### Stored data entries
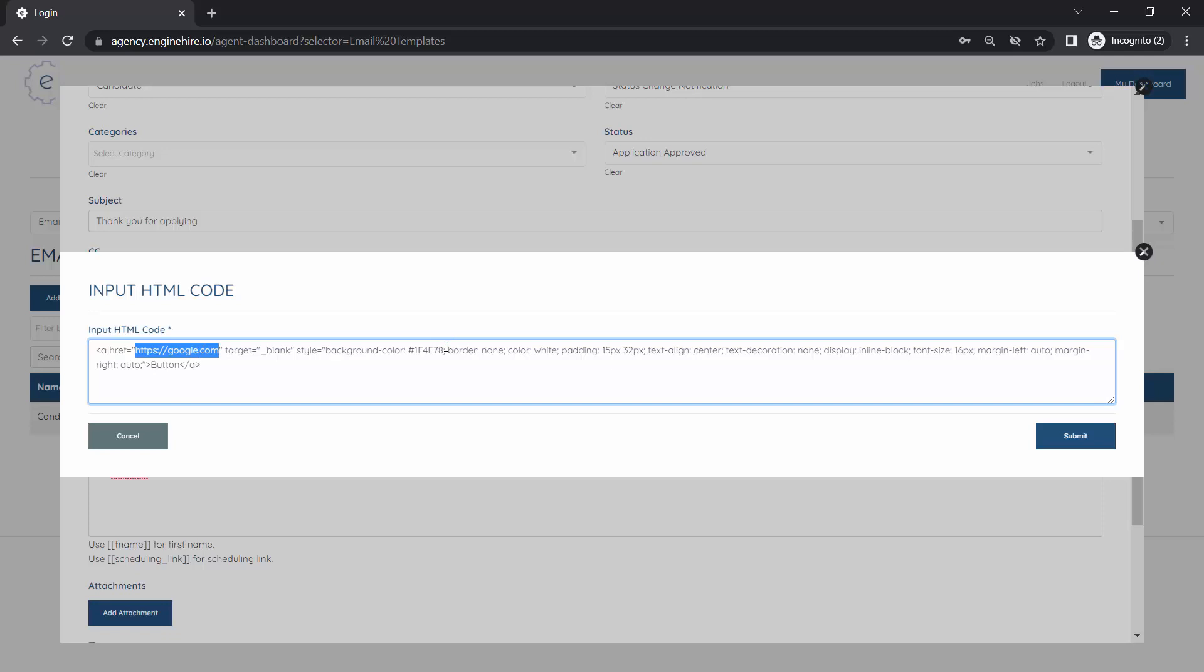And then here is the text on the button, like 'click this button' or something like that.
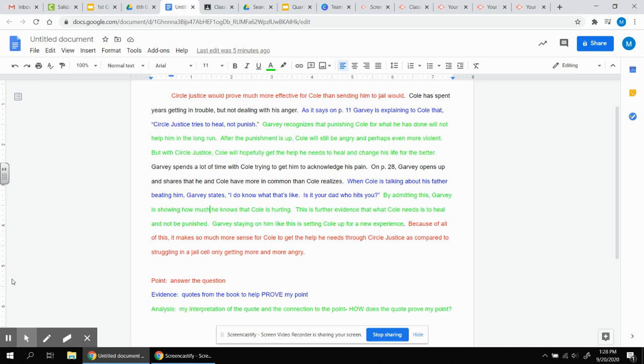Now I transition to another quote. One quote will not be enough. Garvey spends a lot of time with Cole trying to get him to acknowledge his pain. On page 28, Garvey opens up and shares that he and Cole have more in common than Cole realizes. When Cole is talking about his father beating him, Garvey states, I do know what it's like. Is it your dad who hits you?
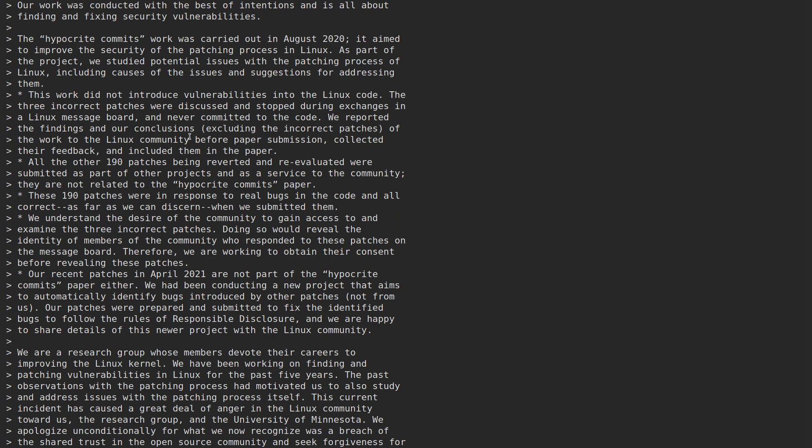We reported the findings and our conclusion, excluding the incorrect patches of the work to the Linux community before paper submission, collected their feedback and included them in the paper. All the other 190 patches being reverted and re-evaluated were submitted as part of other projects and as a service to the community, and they are not related to the hypocrite commits paper. These 190 patches were in response to real bugs in the code and all correct as far as we can discern when we submitted them.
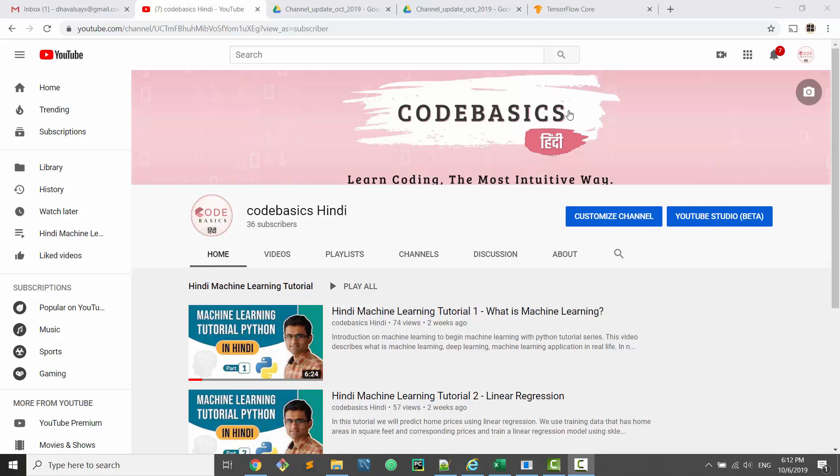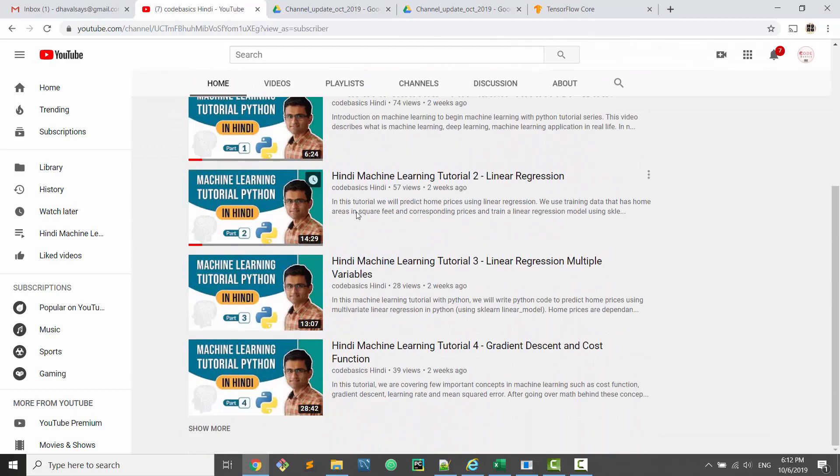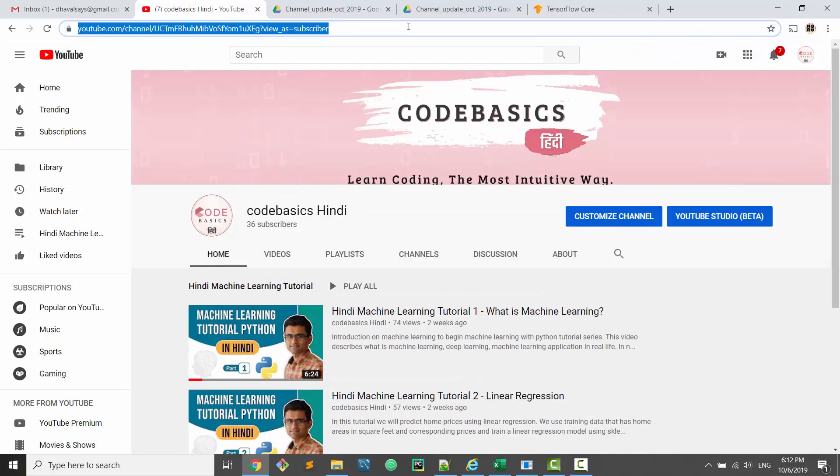Third update is that I have separated out my Hindi content into a separate channel — you can find a link below in the video description. If you want to view my content in Hindi language, subscribe to that channel. I moved the content out so that English viewers are not bothered. English is going to be my primary language, and whenever I get time, I will translate the same content into Hindi.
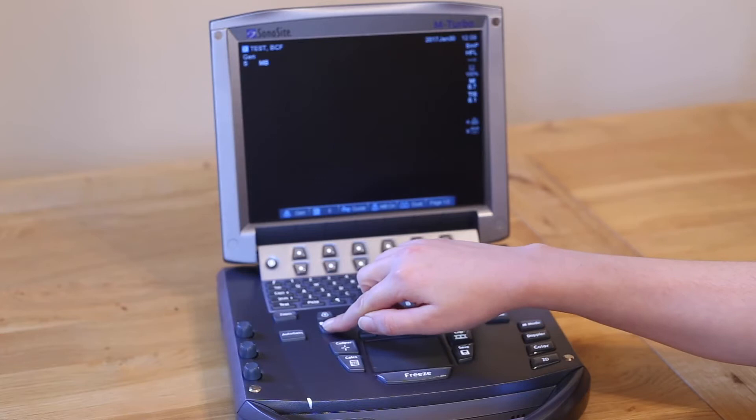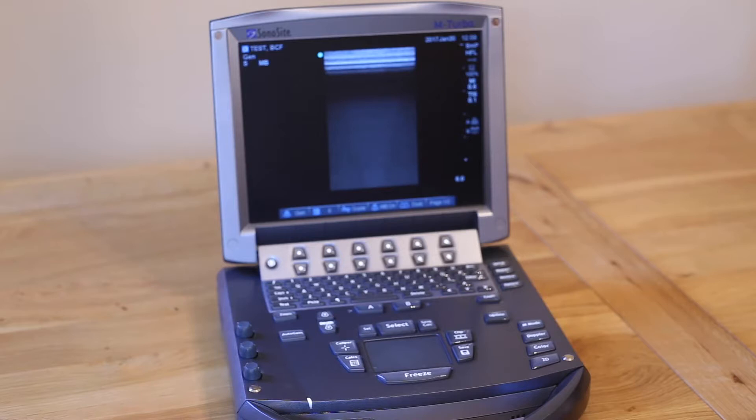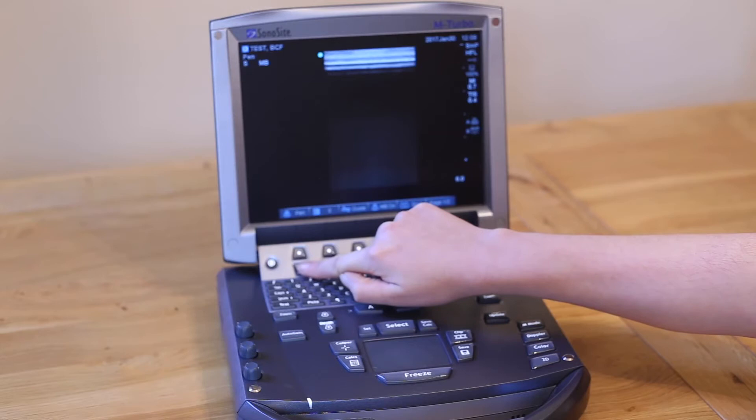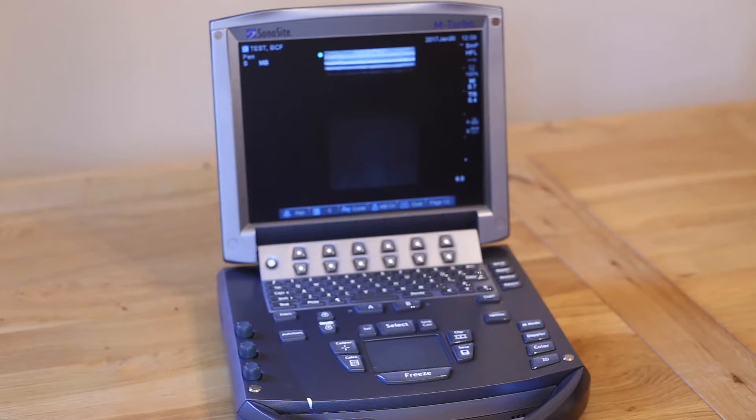Frequency. As you adjust your depth, remember to adjust your frequency at the same time to improve your image quality. Frequency is adjusted using the top left soft key. Notice on the screen that the options for frequency are res, gen and pen — short for resolution, general and penetration. High frequency waves give the best image resolution (res) and low frequency waves give the best penetration (pen) for deeper depth but resolution is compromised. General is in the middle.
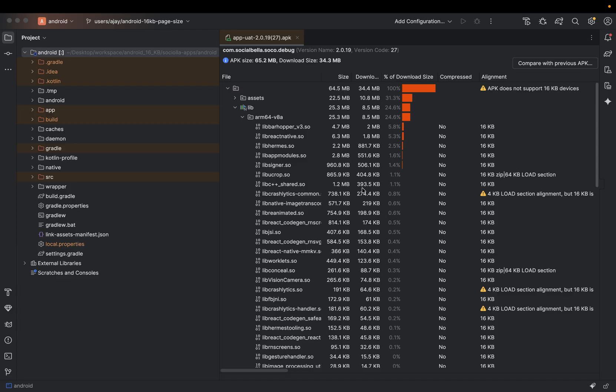So here is the report for analyzing our current APK. So our current APK is not supporting for the 16KB.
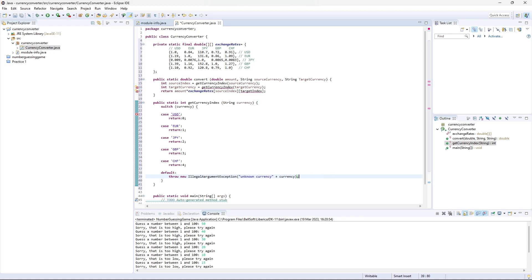So in this method we first of all get the index of the source and target currencies using the get currency index helper method. We then use the exchange rate from our array to convert the amount from the source currency to the target currency and that's it. So with these methods we can now easily convert currencies in our program.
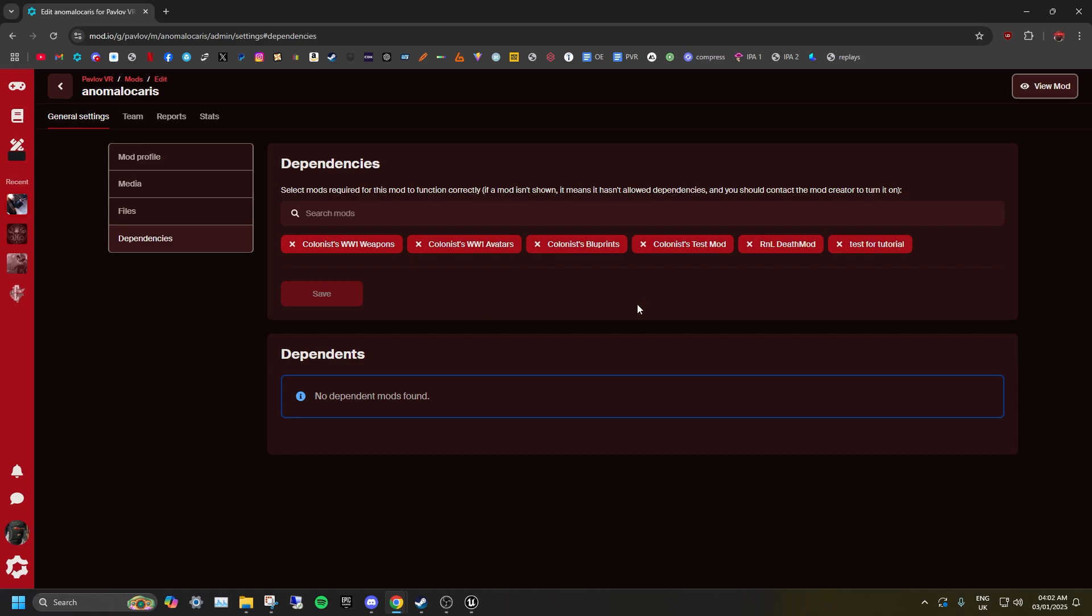Please note that if any dependent mods are not set to Public, the map will fail to load entirely. This is also the case if the mod does not support your version of Pavlov.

### Task details
Leave out the pictures, and please output only the lines from the line that contains "So here is the" through the end of the data, both ends included.

### Answer for the task
So here is the report for analyzing our current APK. So our current APK is not supporting for the 16KB.
So in this method we first of all get the index of the source and target currencies using the get currency index helper method. We then use the exchange rate from our array to convert the amount from the source currency to the target currency and that's it. So with these methods we can now easily convert currencies in our program.
Please note that if any dependent mods are not set to Public, the map will fail to load entirely. This is also the case if the mod does not support your version of Pavlov.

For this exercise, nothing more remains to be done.